Also consider your desired future. If you and your spouse are divorcing amicably, you may want to provide for your ex in your Last Will and Testament, a trust account, or other instrument. You are divorcing, not destroying, each other.
If you have life insurance policies on your children, make certain you determine which of you will continue paying the premiums for them to remain in force.
Green Means Go
By all means, actively work to revise several key parts of your estate plan during a divorce. Always check with your family law attorney and, if necessary, your accountant, but consider these moves:
- Change your Advance Health Care Directive so that your departing spouse is no longer in charge of pulling your proverbial plug (unless, of course, you are amicably divorcing and feel confident your ex-spouse will make the right critical care decisions for you)
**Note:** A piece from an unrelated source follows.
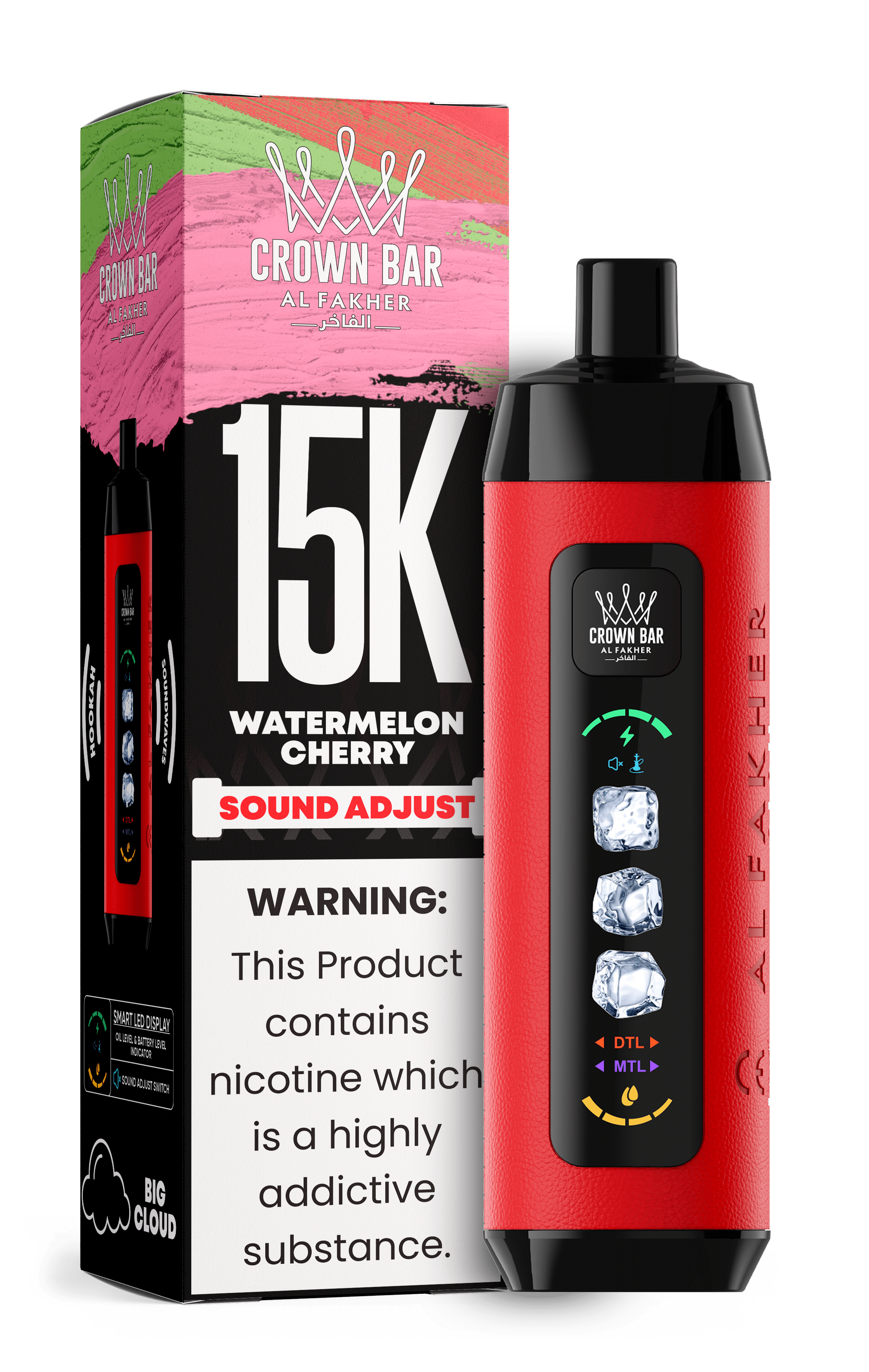 Al Fakher Crown Bar 15k Disposable Vape | Sound Wave - Power Vape Shop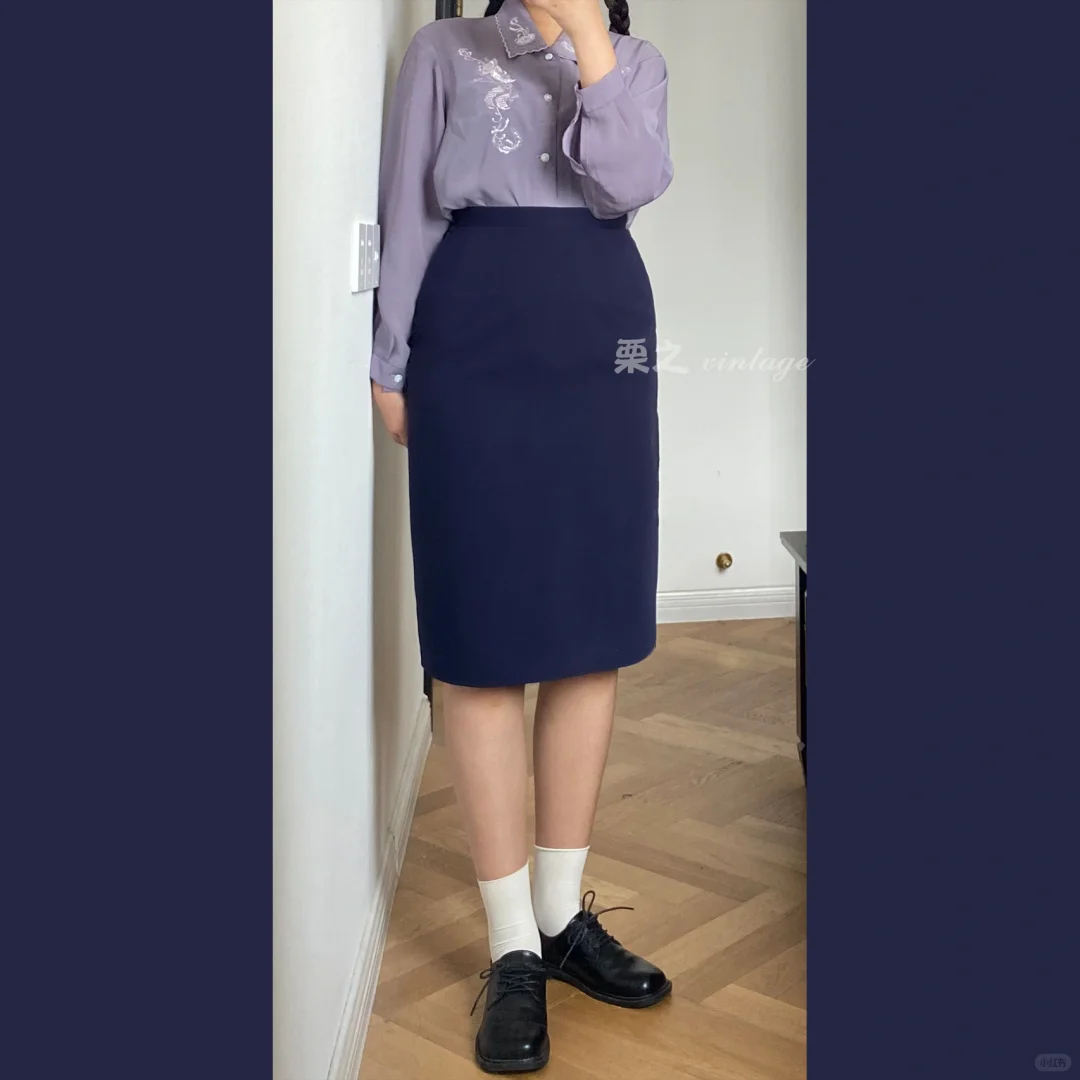 复古穿搭🎞vintage女孩一周不重样衬衫合集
- Change your Durable Power of Attorney so that, again, your departing spouse is not in control of your finances, should you become incapacitated; select another family member, your accountant, a financial advisor, or trusted close friend
- Prepare a new Last Will and Testament so that the beneficiaries to your estate are updated to reflect your upcoming divorce; make certain to remove your departing spouse (again, if that is truly what you wish) in favor of your heirs such as your own children, stepchildren, or nuclear family members
- Establish a new, revocable living trust (with your departing spouse’s approval) out of which you will pay spousal and child support, if necessary; you pay the trust, and the trust pays your ex, which allows the trust funds to go to your beneficiaries unencumbered by probate
Yellow Means Caution
While you and your family law attorney can take many steps to protect your financial future and your estate, you need to tread carefully in three areas:
- Retirement Accounts — Have an estate planner examine the retirement accounts for wording on changing beneficiaries; any plans to change beneficiaries must be conveyed to your departing spouse
- Insurance Policies — Same as with retirement accounts, you cannot unilaterally change named beneficiaries without informing your ex
- Trusts — Do not revoke or alter a trust before the divorce is final, and only revoke or alter it with the advice of an estate planner or attorney familiar with estate law
You can also execute a disclaimer to explain your wishes that certain property be excluded from your estate and not subject to estate tax.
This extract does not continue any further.